Mind-body. That you can think yourself sick, or well. Not like magic, but a lot of the time. Like how people won't get sick until vacation a lot of the time, they say "don't have time to get sick" so then on the day off, the mind tells the body "ok now you have time!". All of my kids were born on a day off or weekend, same thing in a way. And once I read a book where the protagonist' hands were burned, very vividly described, and got blisters on my fingertips.

I just really believe a lot of physical illness, and health, comes from thinking.

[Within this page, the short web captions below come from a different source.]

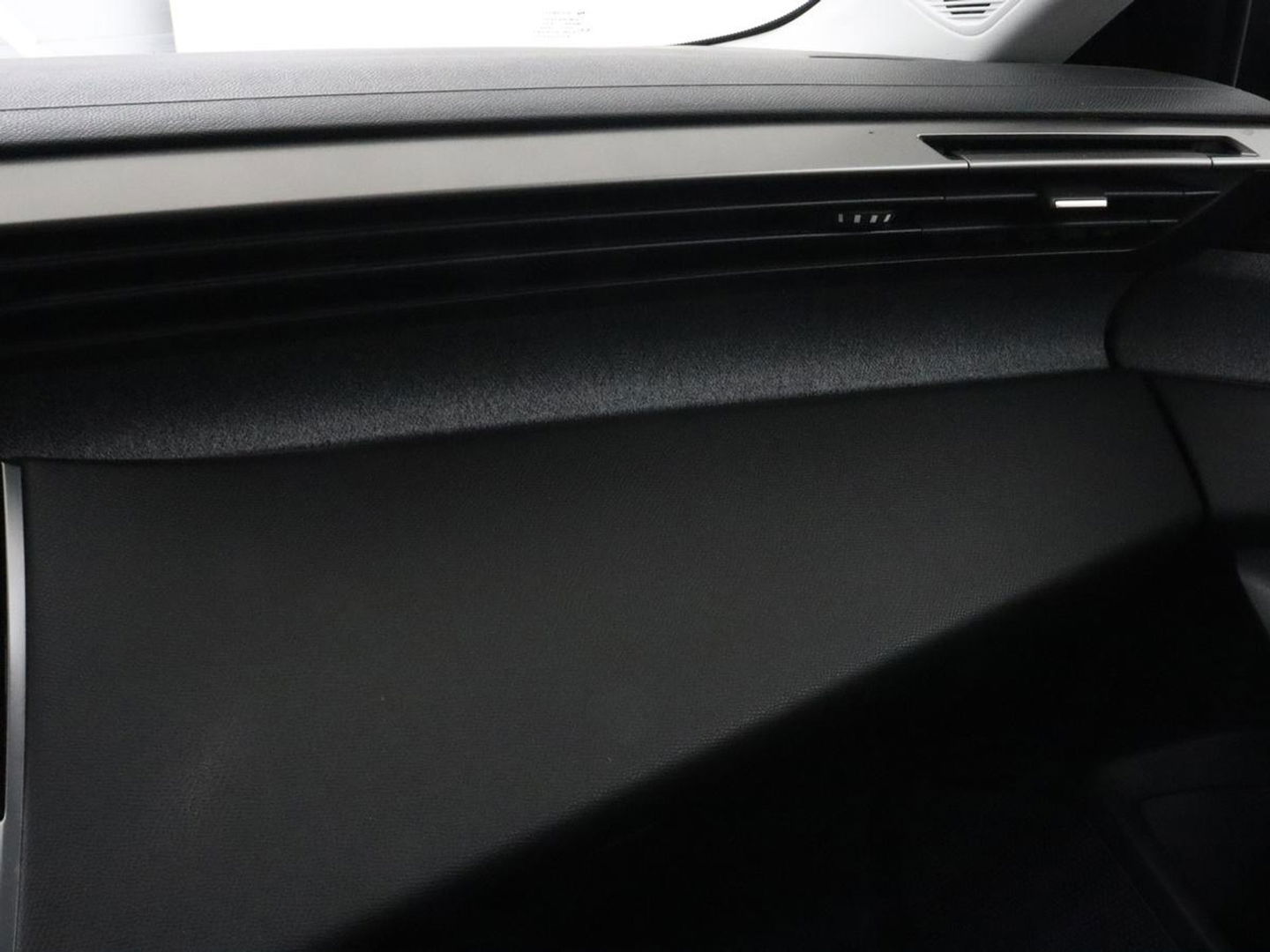 Peugeot 308 1.6 Plug-in Hybrid 180 Allure | Half leder | Camera | Carplay | Navigatie | Full LED | Cruise control | Climate control | Digital Cockpit | PHEV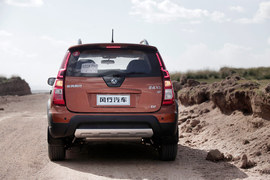 2013款东风风行景逸X5试驾实拍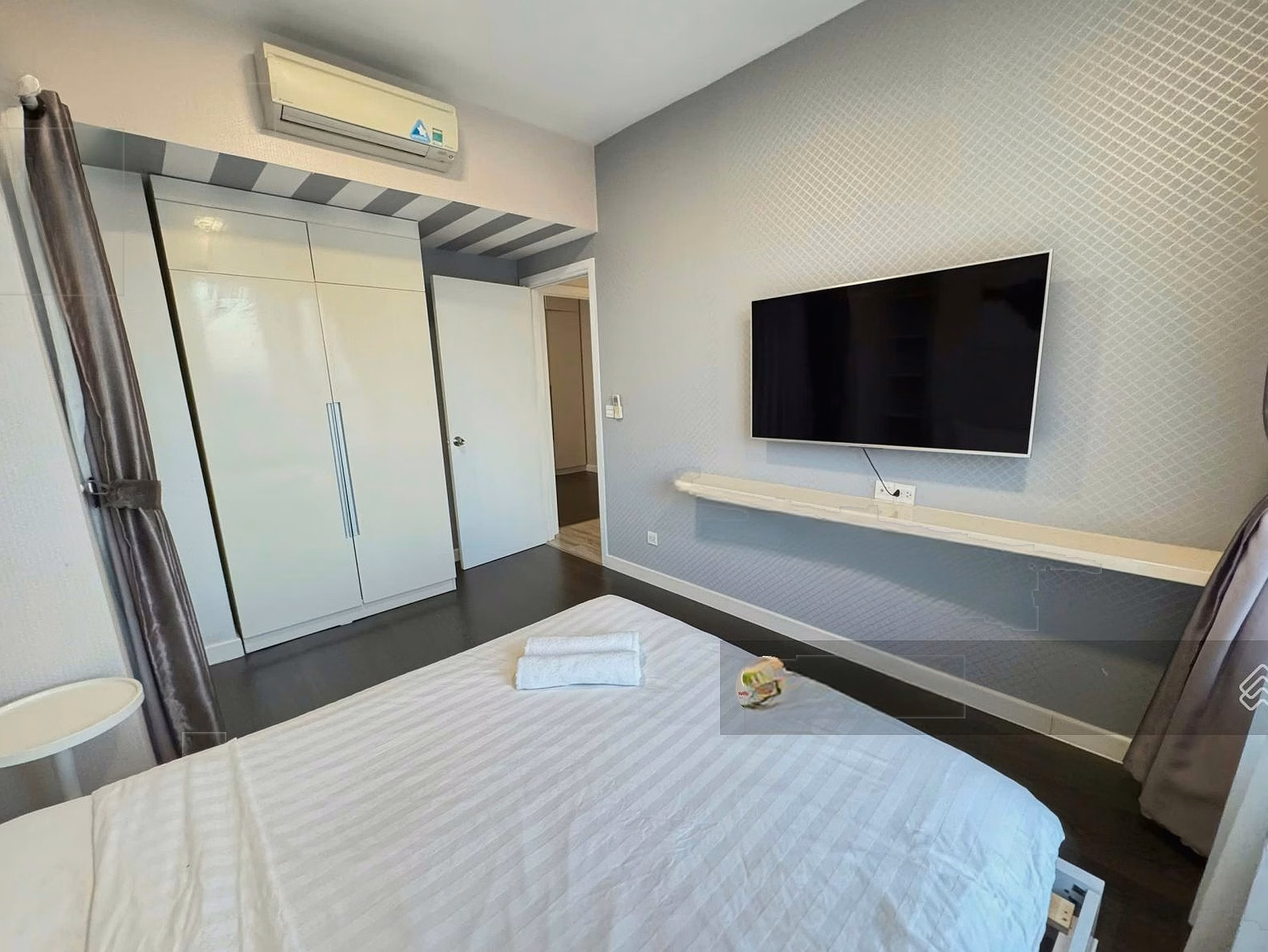 Hot item! Urgent sale 3 bedrooms 111m2 Rivergate. High floor with beautiful river view. High-end furniture. Price 10.8 billion (All in)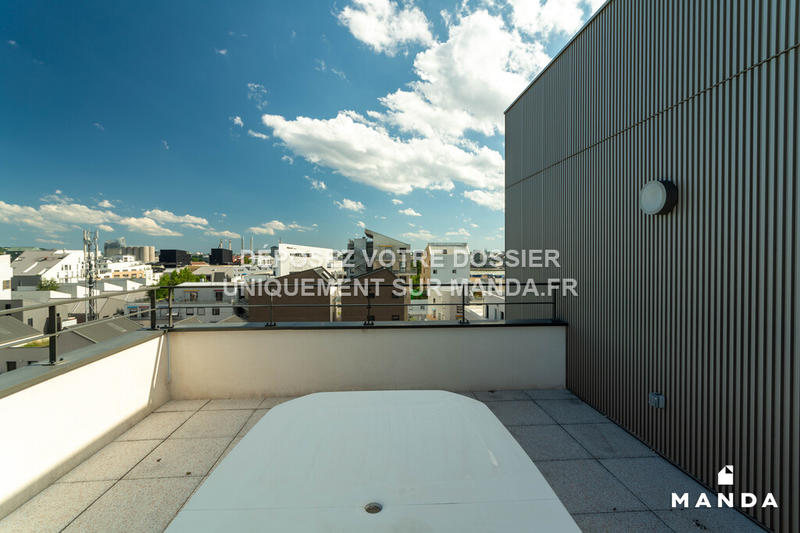 Appartement - 90 m² - 4 pièces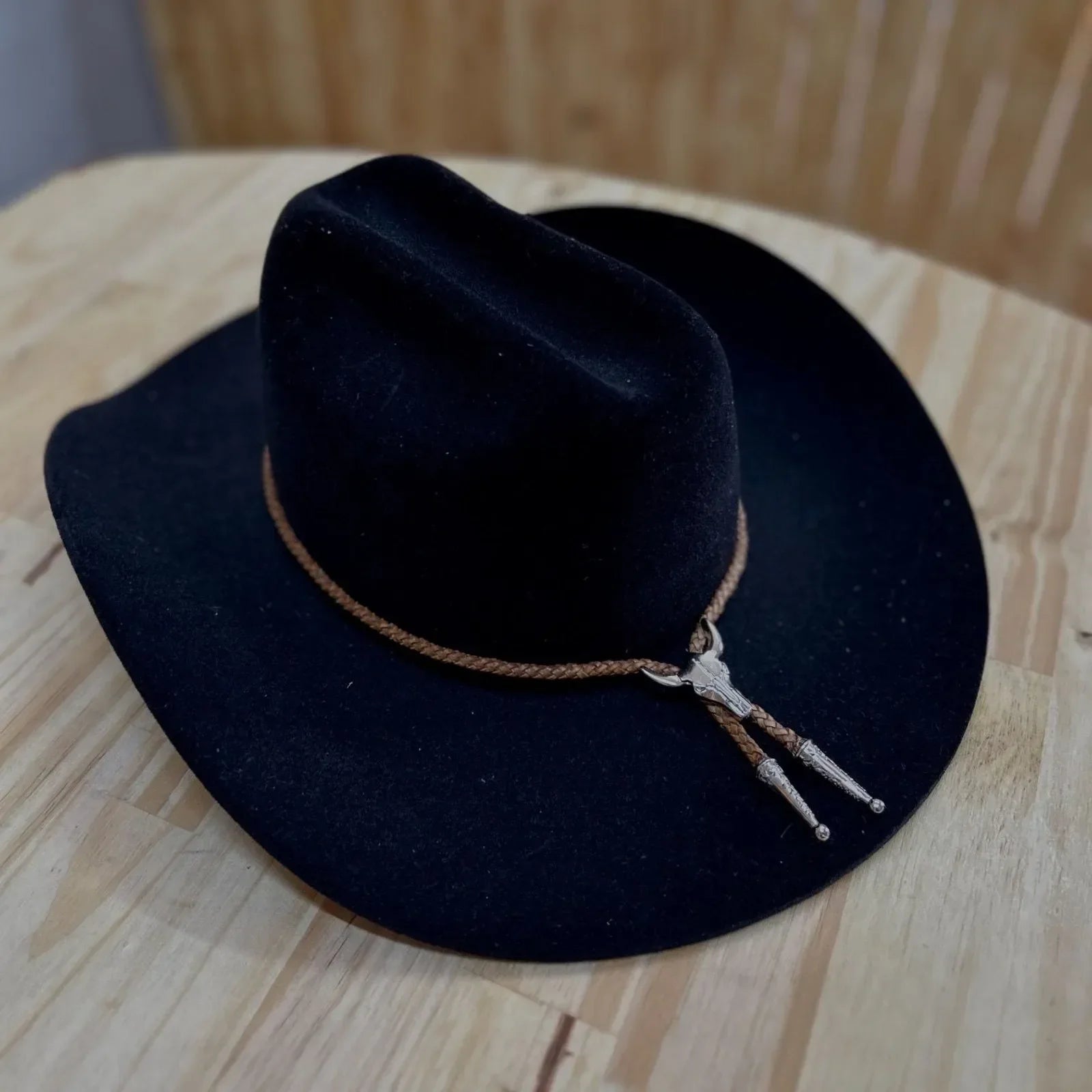 GRAVATA COUNTRY - CORDÃO PRETO PINGENTE TOURO - Imagem 2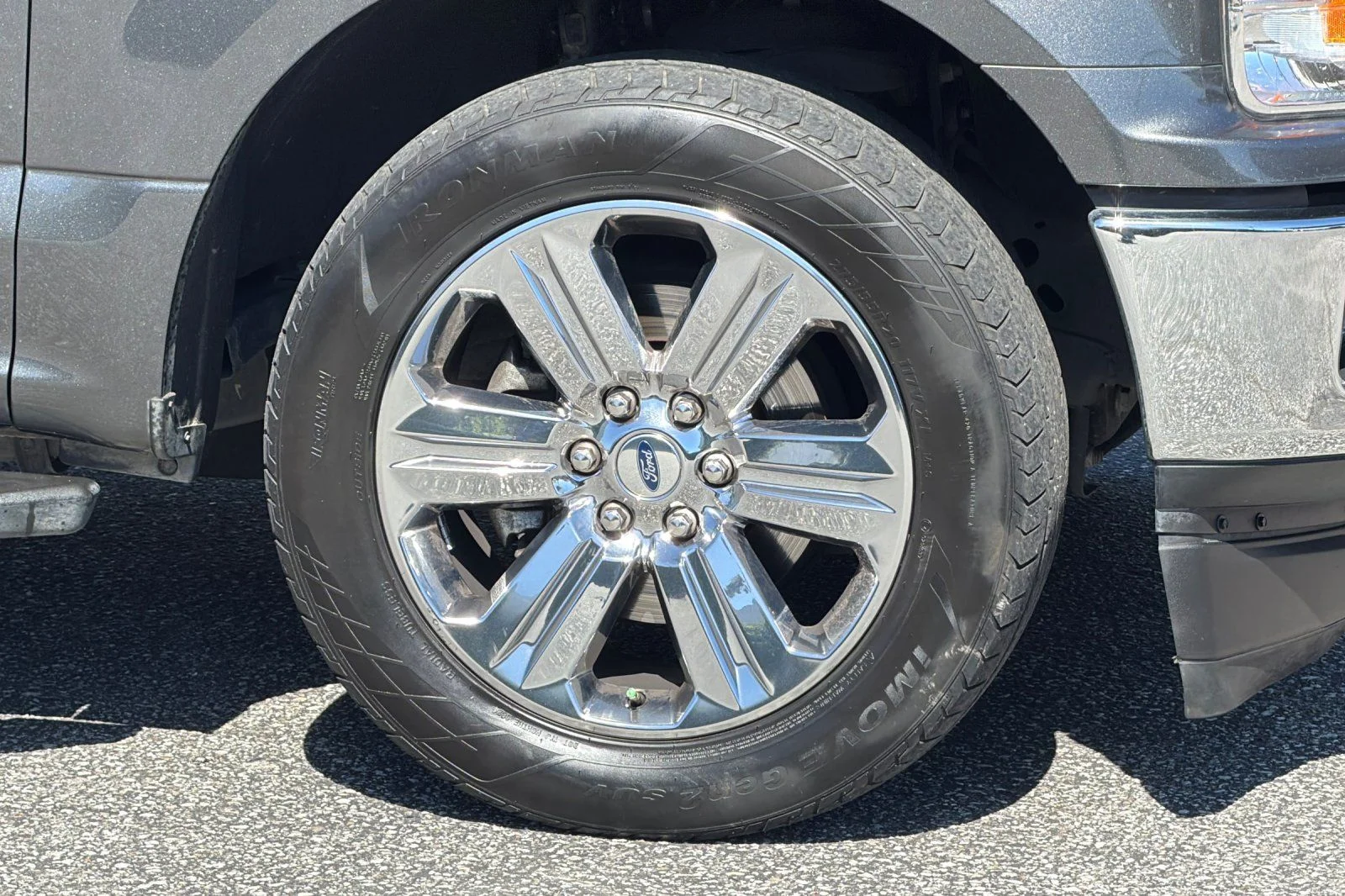 Used 2019 Gray Ford XLT image 27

[–] gandalf_der_12te@discuss.tchncs.de 6 points 2 days ago* (last edited 2 days ago) (1 children)

Uff, i have a lot:

Life on earth is a huge organized organism. It created intelligent humans deliberately sothat we can spread life to other planets. Living beings (plants, insects, other animals, fungi) could not do that otherwise.

All life is sentient. Sentience doesn't come from the brain, rather it comes from the hormones in your bloodstream. When we sweat, these hormones enter the air (apparently within the fraction of a second) and other people can smell them. That is how we can instinctually know how others are feeling.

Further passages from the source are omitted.